Nelson Mandela 'proven' to be member of Communist Party after decades of denial
Nearly 50 years after Nelson Mandela was first accused of being a Communist, a new book has claimed that he was a Communist party member after all.
For decades, it was one of the enduring disputes of South Africa's anti-apartheid struggle.
Was Nelson Mandela, the leader of the African National Congress, really a secret Communist, as the white-only government of the time alleged?
Or, as he claimed during the infamous 1963 trial that saw him jailed for life, was it simply a smear to discredit him in a world riven by Cold War tensions?
Now, nearly half a century after the court case that made him the world's best-known prisoner of conscience, a new book has claimed that whatever the wider injustice perpetrated, Mandela was indeed a Communist party member after all.

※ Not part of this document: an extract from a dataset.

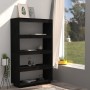 Estantería/divisor de espacios madera pino negro 80x35x135 cm de vidaXL, Librerías y estanterías - Ref: Foro24-810893, Precio...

According to the Telegraph, Mandela, who won the Nobel Peace Prize in 1993, has always denied being a member of the South African branch of the movement, which mounted an armed campaign of guerrilla resistance along with the ANC.
But research by a British historian, Professor Stephen Ellis, has unearthed fresh evidence that during his early years as an activist, Mandela did hold senior rank in the South African Communist Party, or SACP, the report said.
He said that Mandela joined the SACP to enlist the help of the Communist superpowers for the ANC's campaign of armed resistance to white rule, the report added.
According to the report, his book also provides fresh detail on how the ANC's military wing had bomb-making lessons from the IRA, and intelligence training from the East German Stasi, which it used to carry out brutal interrogations of suspected 'spies' at secret prison camps.
Although Mandela appears to have joined the SACP more for their political connections than their ideas, his membership could have damaged his standing in the West had it been disclosed while he was still fighting to dismantle apartheid, the report said.
"Nelson Mandela's reputation is based both on his ability to overcome personal animosities and to be magnanimous to all South Africans, white and black, and that is what impressed the world," Professor Ellis, a former Amnesty International researcher who is based at the Free University of Amsterdam, said.
"But what this shows is that like any politician, he was prepared to make opportunistic alliances," he said.
According to the report, Mandela made his denial of Communist Party membership in the opening statement of his Rivonia trial, when he and nine other ANC leaders were tried for 221 alleged acts of sabotage designed to overthrow the apartheid system.